DATA SHOWN:
......
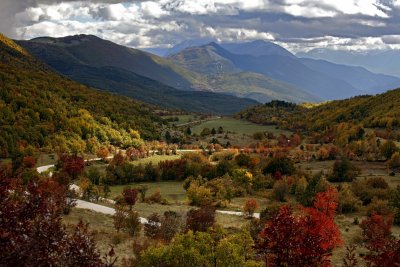 Fall colours between Castel del Monte - Villa Santa Lucia degli Abruzzi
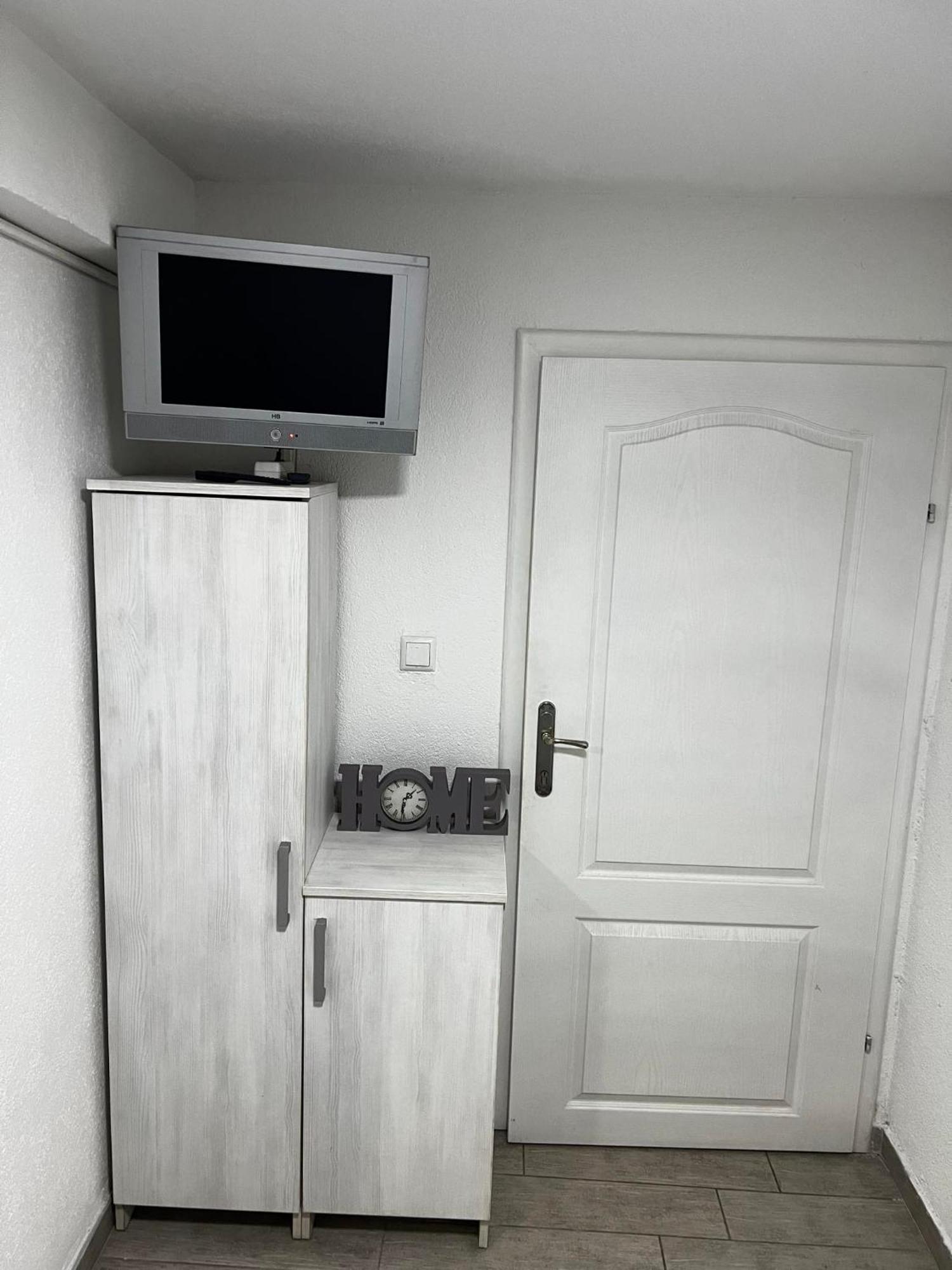 Hostel Tuzla Luaran gambar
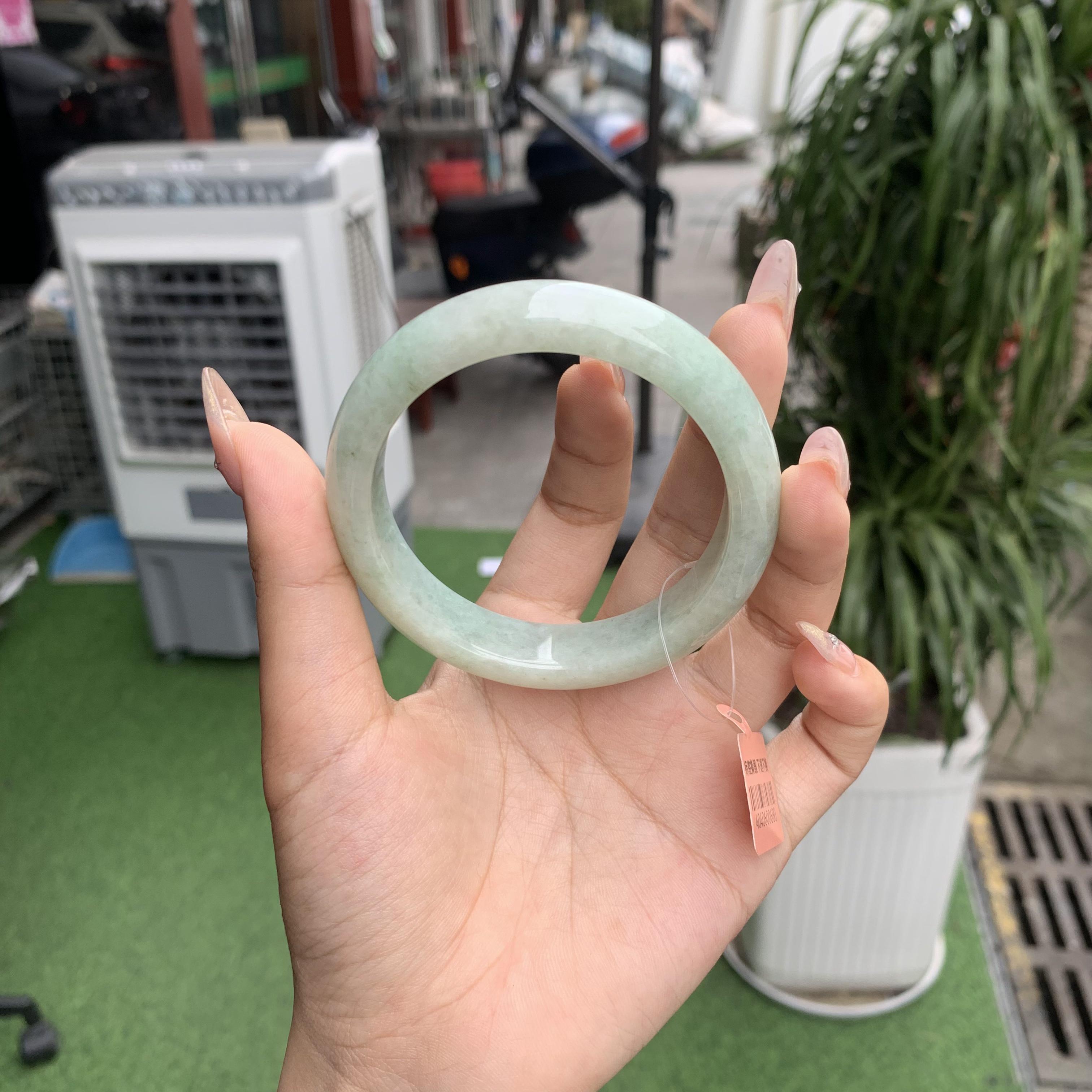 翡乘山翠天然A货缅甸翡翠  56正圈满圈带色 果绿色带水头 0680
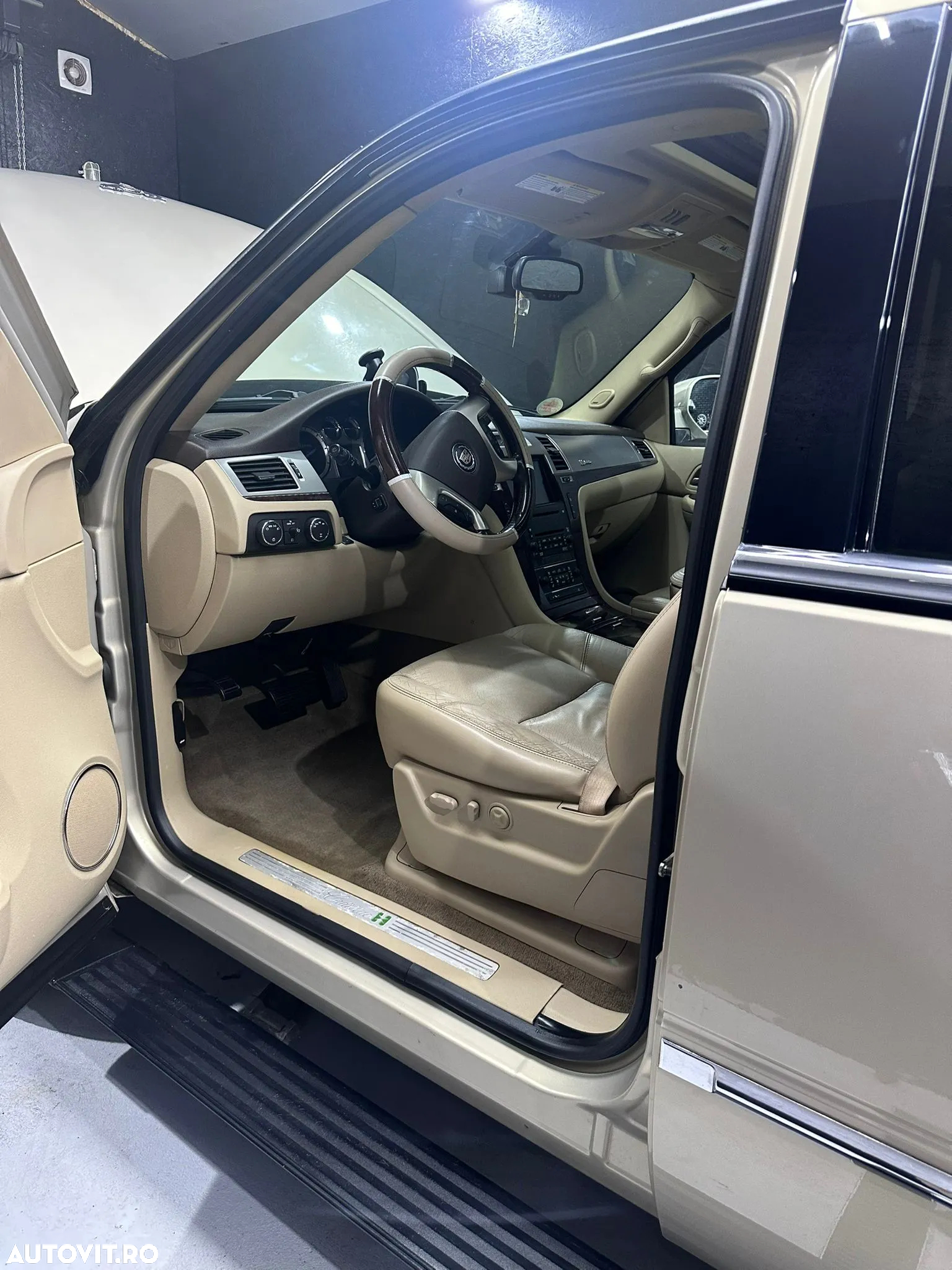 Cadillac Escalade 6.0 V8 - 30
......
TASK INSTRUCTIONS: In the reply, every line of the material above is to be reproduced verbatim, and the images are to be left out.

ANSWER TO THE PROBLEM:
 Fall colours between Castel del Monte - Villa Santa Lucia degli Abruzzi
 Hostel Tuzla Luaran gambar
 翡乘山翠天然A货缅甸翡翠  56正圈满圈带色 果绿色带水头 0680
 Cadillac Escalade 6.0 V8 - 30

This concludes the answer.